Figure 7. CARMA1 acts downstream of PKCθ in mediating PMA-induced synergistic enhancement of TLR-TRAF6-dependent MUC5AC expression.

(A) CARMA1 was expressed in a variety of epithelial cells, such as in human cervix HeLa, colon HM3, airway A549, middle ear HMEEC-1 and primary bronchial epithelial NHBE cells, as assessed by WB using antibody against CARMA1. (B) Overexpression of a DN mutant form of CARMA1 attenuated C/A-PKCθ-induced MUC5AC expression. Cells were transfeced with 0.3 µg of C/A PKCθ with or without 0.8 µg of DN-CARMA1. Relative luciferase activity of MUC5AC was measured from the cell lysate.

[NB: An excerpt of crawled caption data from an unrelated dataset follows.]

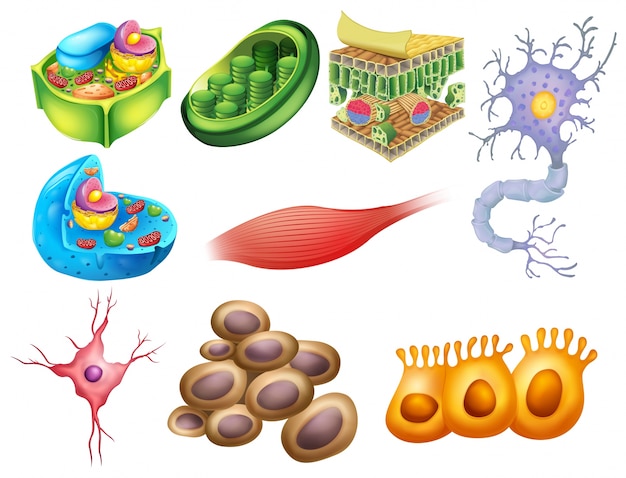 Free vector different biology cells on a white background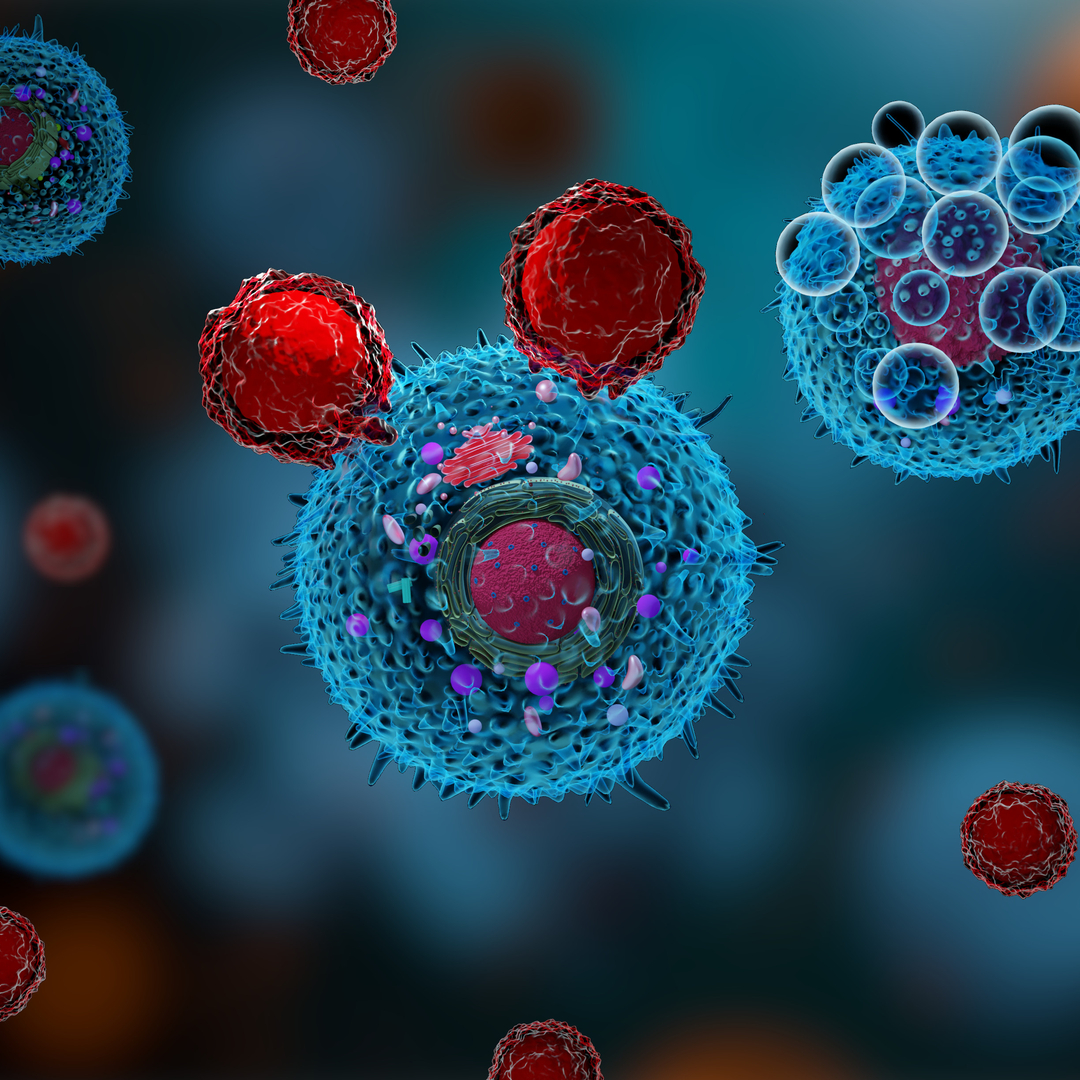 TREM2 Modulation Remodels the Tumor Myeloid Landscape Enhancing Anti-PD-1 Immunotherapy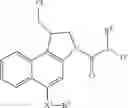 Fig. 126 - Anti-HER2 antibodies and immunoconjugates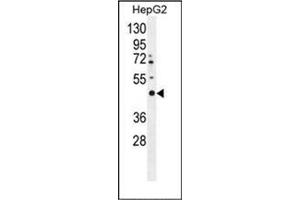 Western blot analysis of LRTM2 Antibody (C-term) in HepG2 cell line lysates (35ug/lane). (LRTM2 anticorps  (C-Term))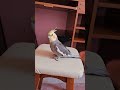Vai me levar para adoção? #memes #calopsitas #foryou #viralvideo#funny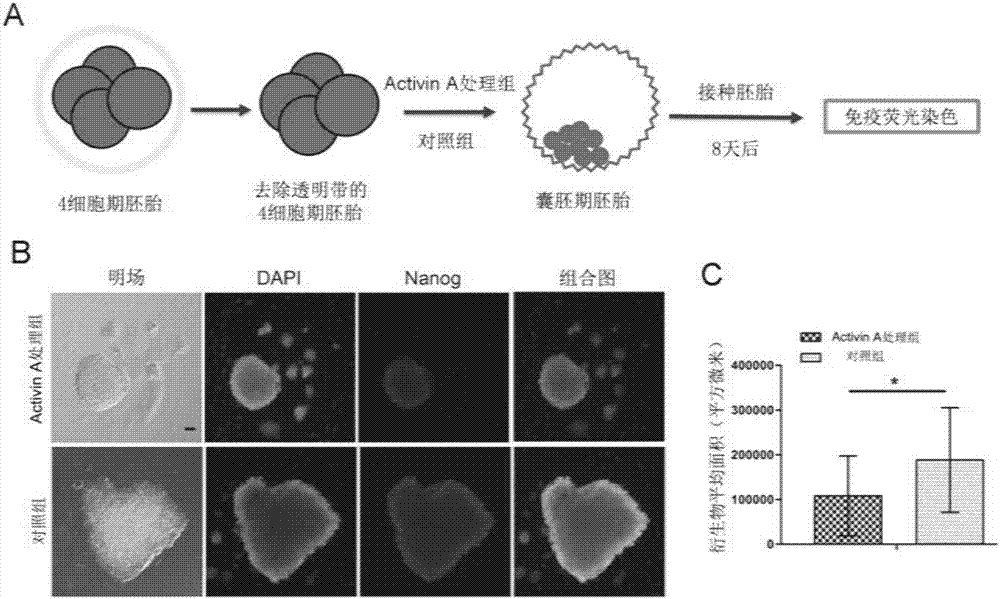 Method for improving chimeric capability of ES cells of mouse to epiblasts of early embryos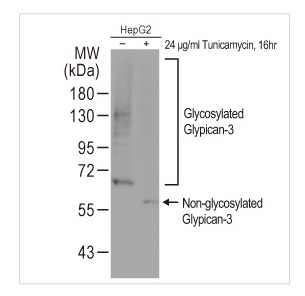 GPC3 antibody (#GTX633410)のWB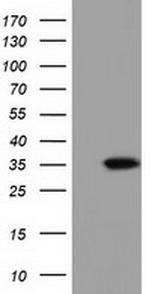 SDR9C7 Antibody in Western Blot (WB)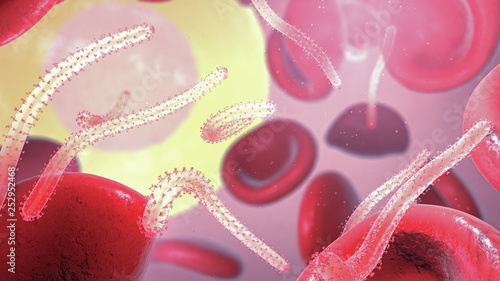3d illustration of Ebola virus, causing viral hemorrhagic fever in the bloodstream with red and white blood cells photo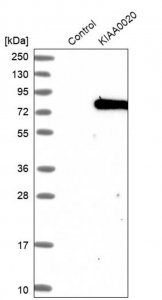 Anti-PUM3 antibody produced in rabbit 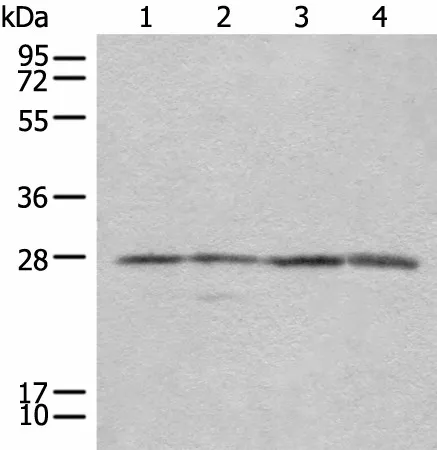 COMT Polyclonal Antibody - image 1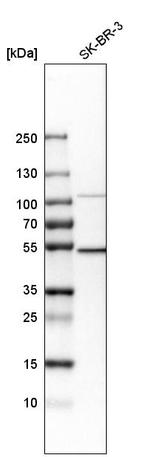 POLD2 Antibody in Western Blot (WB)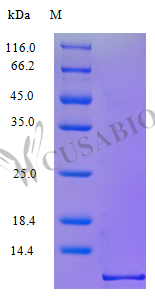 C-C motif chemokine 1 protein (CCL1), partial (Active), human, recombinant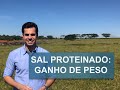 QUAL O GANHO DE PESO COM O SAL PROTEINADO?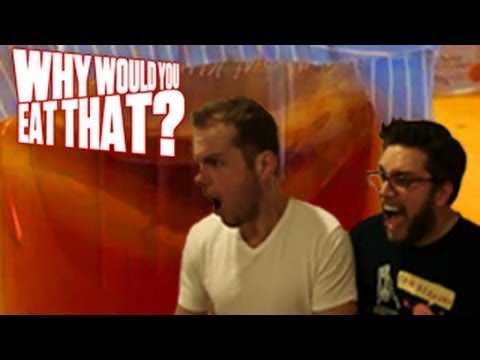 Kombucha aka Bacteria Filled Tea - Why Would You Eat That?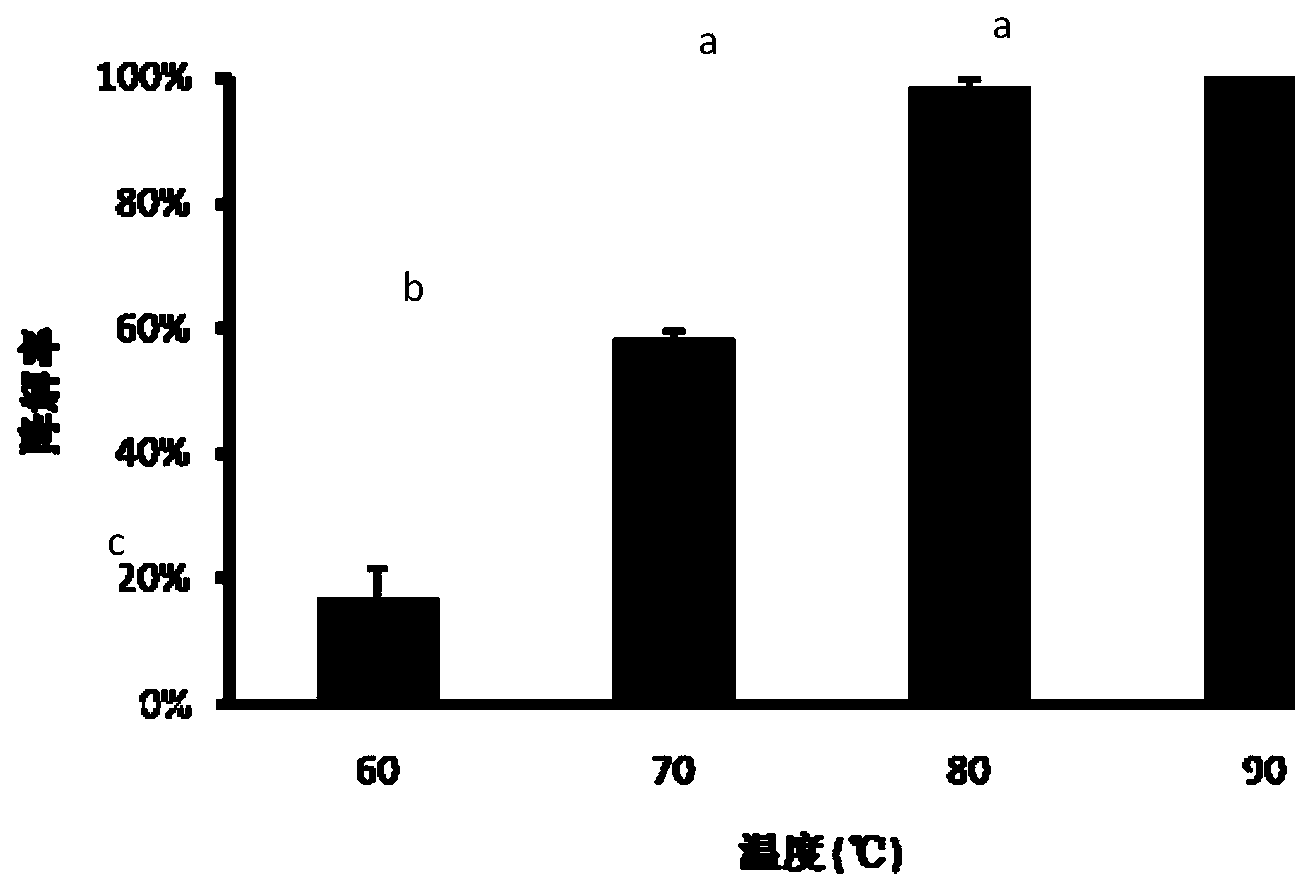 Liquid amino acid compound produced by dead porcine proteins and application thereof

Values are the means ± S.D. (n = 3). *p<0.05 vs. control; **p<0.05 vs. C/A PKCθ transfected cells. (C) The synergistic induction of MUC5AC transcription by NTHi and PMA was potently inhibited by overexpression of DN-CARMA1. Cells were transfeced with 0.8 µg of DN-CARMA1 or control vector, and treated with NTHi with or without PMA. Relative luciferase activity of MUC5AC was measured from the cell lysate. Values are the means ± S.D. (n = 3). *p<0.05 vs. NTHi alone; **p<0.05 vs. control vector transfected cells. (D) Overexpression of a DN mutant form of CARMA1 greatly inhibited not only synergistic phosphorylation of p38 MAPK and MKK3/6 induced by NTHi and PMA, but also ERK and MEK phosphorylation. Cells were transfeced with 0.8 µg of DN-CARMA1 or control vector, and treated with NTHi with or without PMA. Cell lysate was blotted with antibodies indicated in the figure. The data shown are representative of three independent experiments. −, absence of; +, presence of; NTHi, nontypeable Haemophilus influenzae; DN, dominant negative; C/A, constitutively active form.

Figure 8. CARMA1 mediates TLR-dependent synergistic MUC5AC induction by NTHi and PMA via cross-talk with TRAF6.

(A) CARMA1 knockdown by CARMA1-siRNA efficiently reduced the endogenous CARMA1 expression at both the mRNA and protein level, as assessed by Q-PCR and WB, respectively. (B) CARMA1-siRNA inhibited the synergistic induction of MUC5AC transcription by NTHi and PMA. Values are the means ± S.D. (n = 3). *p<0.05 vs. NTHi alone; **p<0.05 vs. control siRNA transfeced cells. (C) Synergistic enhancement of NTHi-induced TRAF6 polyubiquitination by PMA was attenuated by CARMA1 knockdown. (D) Schematic representation depicting how CARMA1 mediates the synergistic enhancement of MUC5AC expression in human epithelial cells. The data shown are representative of three independent experiments. CON, control; −, absence of; +, presence of; NTHi, nontypeable Haemophilus influenzae; Ubn, ubiquitin; TLRs, toll-like receptors; TRAF6, TNF receptor associated factor 6; PKC, protein kinase C.